Ces résultats suggèrent que lorsque les gens sont perçus comme ayant des traits immoraux, ils auront du mal à changer la façon dont ils sont perçus par les autres, car on pense qu'ils sont moins susceptibles de changer qu'une personne considérée comme morale.

Cette constatation est particulièrement dommageable pour ceux qui ont un caractère douteux ou sont confrontés à des poursuites judiciaires, et il met en évidence les obstacles qu’ils doivent surmonter pour renverser les perceptions des autres.

«Des émissions de télévision populaires comme« Breaking Bad »montrent que les personnes considérées comme moralement« bonnes »sont plus susceptibles d’agir hors de leur caractère et de se comporter de manière immorale à certaines occasions», a déclaré le Dr Patrice Rusconi, auteur principal de l’Université de Surrey, Social Emotions. et le groupe de recherche sur l'égalité dans les relations (SEER).

«Cependant, ce que nous avons constaté, c'est que ceux qui sont perçus comme immoraux sont classés et considérés comme plus susceptibles d'agir de certaines manières, c'est-à-dire injustes et inéquitables, et donc incapables d'agir moralement à l'occasion.»

«La façon dont une personne est perçue est extrêmement importante, car si vous êtes perçue négativement, cela peut avoir un impact sur votre traitement sur le lieu de travail et dans le système juridique, car vous êtes jugé sur vos délits passés.»

En outre, l'étude a examiné si ces résultats se traduiraient dans différentes cultures.

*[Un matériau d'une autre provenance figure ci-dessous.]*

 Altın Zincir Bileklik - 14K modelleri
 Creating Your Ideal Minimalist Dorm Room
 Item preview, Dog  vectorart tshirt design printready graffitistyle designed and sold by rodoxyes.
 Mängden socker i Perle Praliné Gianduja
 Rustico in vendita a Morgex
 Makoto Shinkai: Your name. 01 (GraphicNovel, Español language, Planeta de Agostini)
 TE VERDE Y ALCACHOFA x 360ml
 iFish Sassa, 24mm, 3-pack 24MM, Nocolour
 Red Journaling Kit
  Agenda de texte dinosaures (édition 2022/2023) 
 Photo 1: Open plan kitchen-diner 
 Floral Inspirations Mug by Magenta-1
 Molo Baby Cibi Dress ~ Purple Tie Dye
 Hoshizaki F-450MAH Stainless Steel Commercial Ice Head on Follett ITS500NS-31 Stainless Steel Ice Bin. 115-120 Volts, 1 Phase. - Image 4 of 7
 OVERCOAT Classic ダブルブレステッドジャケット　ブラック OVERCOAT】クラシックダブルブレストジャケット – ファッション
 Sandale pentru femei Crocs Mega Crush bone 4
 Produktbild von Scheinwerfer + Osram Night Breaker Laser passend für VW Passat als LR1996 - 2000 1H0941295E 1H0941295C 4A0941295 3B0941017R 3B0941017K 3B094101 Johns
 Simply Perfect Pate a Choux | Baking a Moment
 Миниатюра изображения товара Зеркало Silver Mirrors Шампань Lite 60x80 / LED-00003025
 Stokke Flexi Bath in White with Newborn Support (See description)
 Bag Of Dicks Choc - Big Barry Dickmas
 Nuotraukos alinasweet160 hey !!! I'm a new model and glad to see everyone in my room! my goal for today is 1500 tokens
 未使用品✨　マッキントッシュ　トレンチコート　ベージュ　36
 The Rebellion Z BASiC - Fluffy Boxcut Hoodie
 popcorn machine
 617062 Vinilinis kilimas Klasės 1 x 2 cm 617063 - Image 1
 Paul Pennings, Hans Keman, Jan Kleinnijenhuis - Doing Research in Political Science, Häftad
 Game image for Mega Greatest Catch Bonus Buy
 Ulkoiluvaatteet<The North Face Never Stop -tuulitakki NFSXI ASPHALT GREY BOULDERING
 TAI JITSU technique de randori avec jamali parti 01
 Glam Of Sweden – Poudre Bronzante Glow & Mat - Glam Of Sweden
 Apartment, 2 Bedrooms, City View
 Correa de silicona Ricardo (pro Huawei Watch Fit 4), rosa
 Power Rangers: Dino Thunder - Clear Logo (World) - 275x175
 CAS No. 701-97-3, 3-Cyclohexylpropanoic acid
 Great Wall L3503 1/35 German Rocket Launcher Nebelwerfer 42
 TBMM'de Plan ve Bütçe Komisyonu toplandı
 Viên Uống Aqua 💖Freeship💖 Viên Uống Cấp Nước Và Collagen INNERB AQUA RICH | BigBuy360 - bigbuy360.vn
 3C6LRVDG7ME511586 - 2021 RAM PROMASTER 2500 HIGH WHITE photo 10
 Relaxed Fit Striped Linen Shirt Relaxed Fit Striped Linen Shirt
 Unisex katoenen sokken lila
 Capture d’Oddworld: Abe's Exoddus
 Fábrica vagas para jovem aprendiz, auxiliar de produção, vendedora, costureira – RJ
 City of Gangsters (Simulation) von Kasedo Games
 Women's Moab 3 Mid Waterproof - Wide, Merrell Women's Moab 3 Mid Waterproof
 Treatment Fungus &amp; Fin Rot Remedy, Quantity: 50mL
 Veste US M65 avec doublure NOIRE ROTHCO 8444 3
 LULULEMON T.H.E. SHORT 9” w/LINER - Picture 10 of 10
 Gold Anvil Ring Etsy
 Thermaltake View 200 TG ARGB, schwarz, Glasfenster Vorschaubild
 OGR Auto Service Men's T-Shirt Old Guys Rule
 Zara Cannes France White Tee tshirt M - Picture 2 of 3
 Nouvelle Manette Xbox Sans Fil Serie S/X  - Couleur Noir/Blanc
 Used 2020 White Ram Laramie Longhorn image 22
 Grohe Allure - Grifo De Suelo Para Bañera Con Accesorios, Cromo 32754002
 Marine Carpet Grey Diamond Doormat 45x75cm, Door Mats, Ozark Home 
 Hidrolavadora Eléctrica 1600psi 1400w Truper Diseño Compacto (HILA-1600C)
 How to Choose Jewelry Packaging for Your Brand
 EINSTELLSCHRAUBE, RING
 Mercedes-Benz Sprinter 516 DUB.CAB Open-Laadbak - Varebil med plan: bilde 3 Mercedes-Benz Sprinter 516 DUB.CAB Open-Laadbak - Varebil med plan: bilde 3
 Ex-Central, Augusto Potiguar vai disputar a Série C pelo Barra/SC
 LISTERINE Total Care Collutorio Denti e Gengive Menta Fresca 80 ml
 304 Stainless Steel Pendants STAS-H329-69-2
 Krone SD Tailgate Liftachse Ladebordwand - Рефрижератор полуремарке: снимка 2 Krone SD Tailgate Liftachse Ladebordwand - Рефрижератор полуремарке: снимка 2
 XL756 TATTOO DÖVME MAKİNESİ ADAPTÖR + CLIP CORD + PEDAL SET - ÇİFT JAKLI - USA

Les chercheurs ont recueilli des données auprès de plus de 200 participants italiens et américains, à qui une série de questions a été posée, notamment «Dans quelle mesure pensez-vous qu'une personne juste se comporte de manière injuste?»

Ils ont découvert qu'en dépit des différences culturelles et de style de vie, les participants italiens et américains avaient des perceptions similaires; que les personnes morales sont plus susceptibles d'agir immoralement que les personnes immorales agiraient moralement. Les résultats suggèrent qu'il s'agit d'un problème rencontré à l'échelle mondiale.